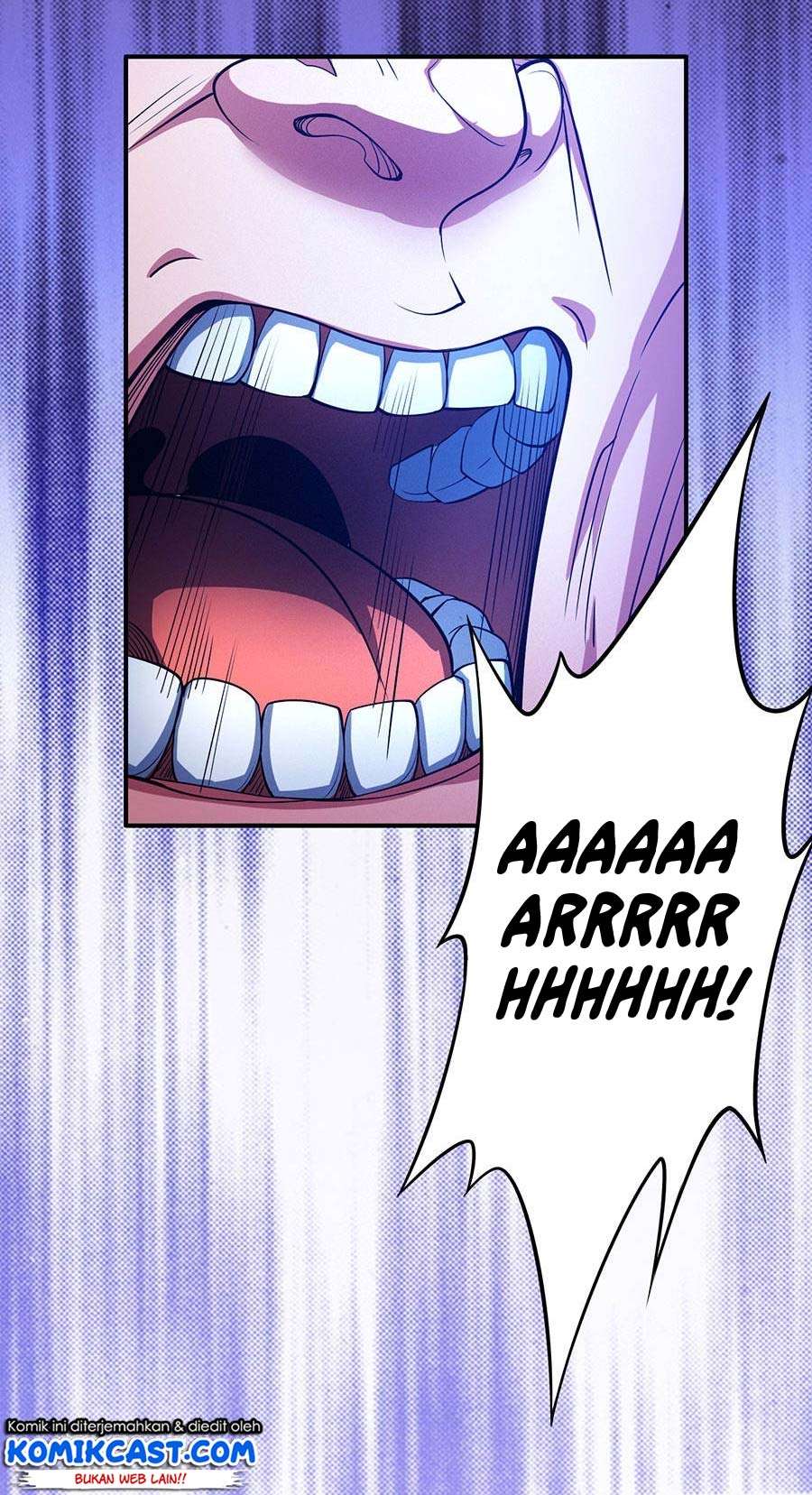 God of Martial Arts Chapter 99.1 Gambar 37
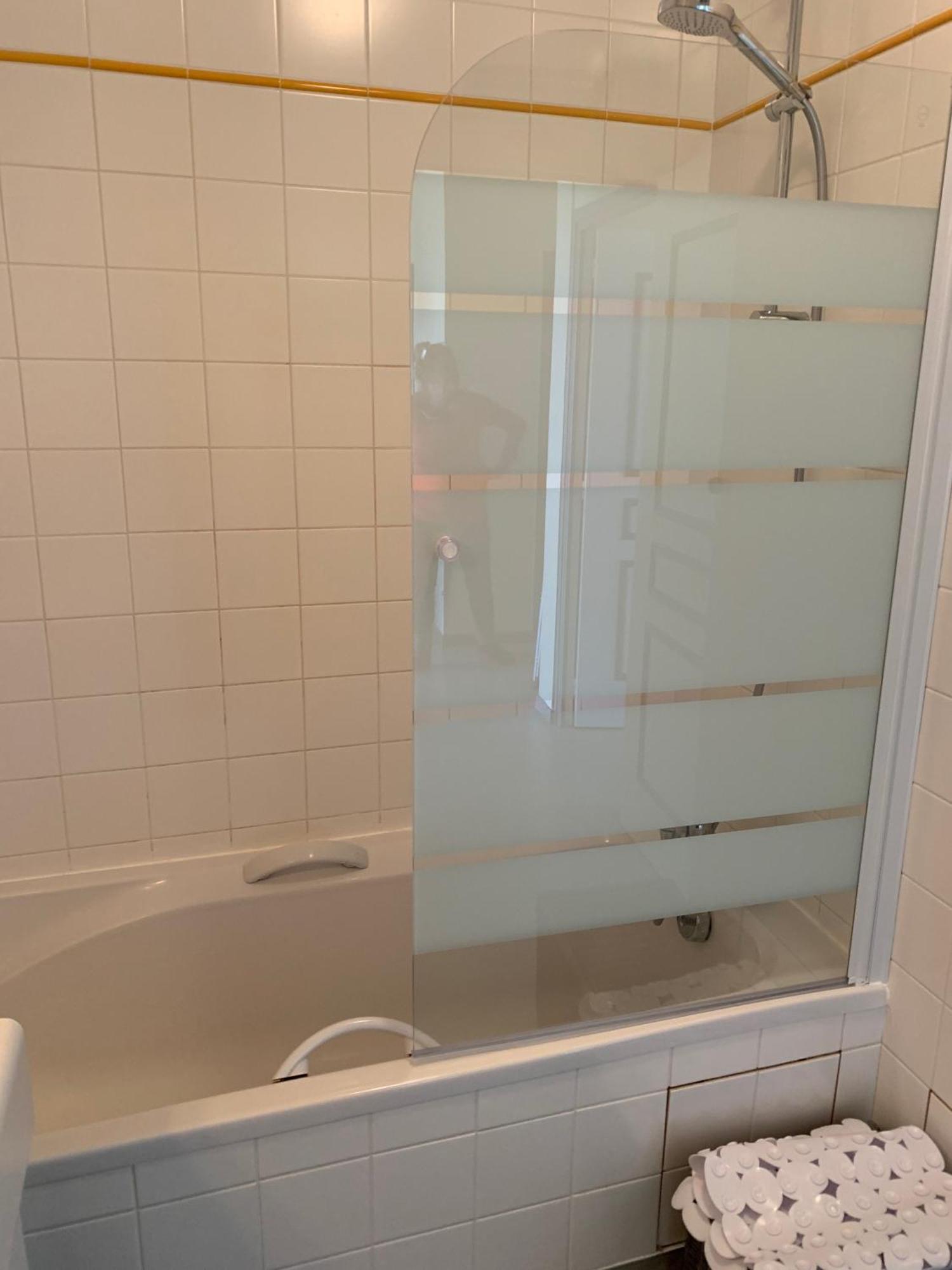 Appartement Wimereux - Opaalkust Met Frontaal Zeezicht Zewnętrze zdjęcie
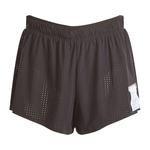 Шорты SATISFY Space-O 2.5" Shorts, Black - фото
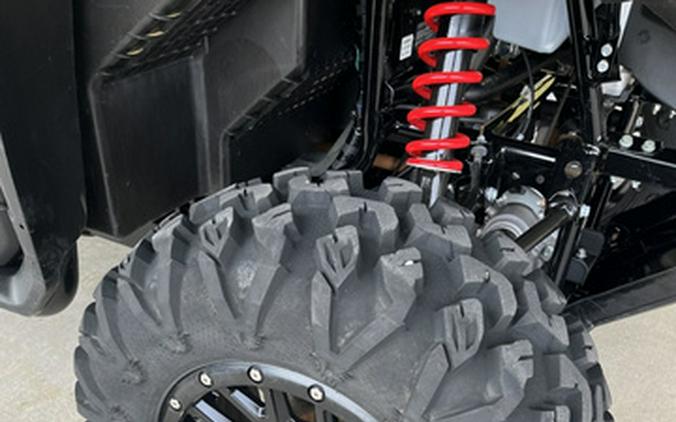 2022 Honda Pioneer 700 Deluxe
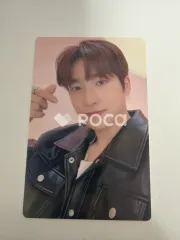 THE BOYZ サンヨン THE BOYZ FAN CON : THE B-ZONE トレカ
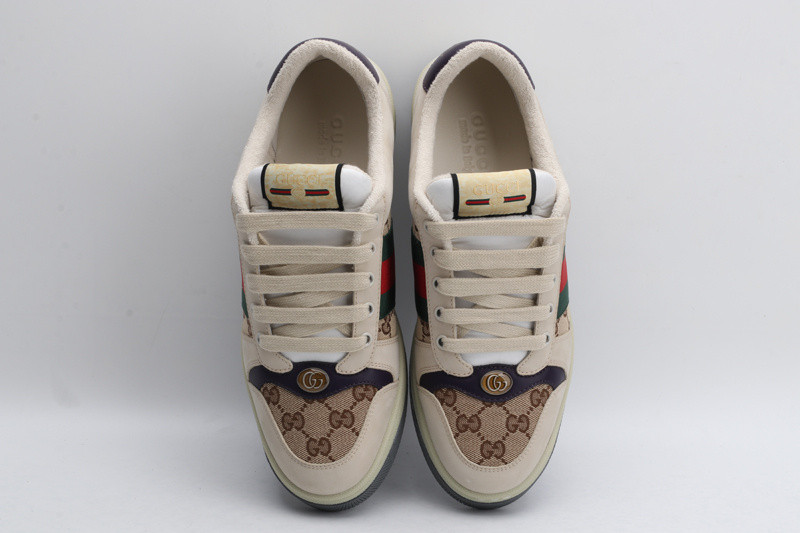 guci screener sneaker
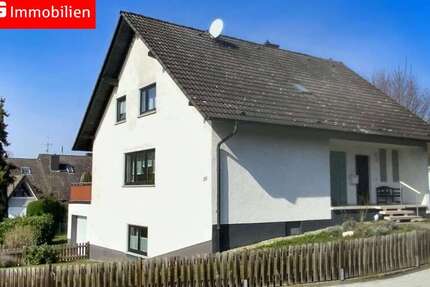 Haus Rodenbach - 5 Zimmer, 156 m&sup2;, 480.000&euro; | Angebot:26005724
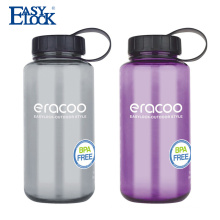 Eco Friendly Measuring Branded Tritan Water Bottle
━━━
## AIM OF THE TASK:
Nothing but the lines from the line containing "2022 Honda Pioneer 700 Deluxe" through the last line of the listing above should appear, output exactly, with no pictures.

## TASK SOLUTION:
 2022 Honda Pioneer 700 Deluxe
 THE BOYZ サンヨン THE BOYZ FAN CON : THE B-ZONE トレカ
 guci screener sneaker
 Haus Rodenbach - 5 Zimmer, 156 m&sup2;, 480.000&euro; | Angebot:26005724
 Eco Friendly Measuring Branded Tritan Water Bottle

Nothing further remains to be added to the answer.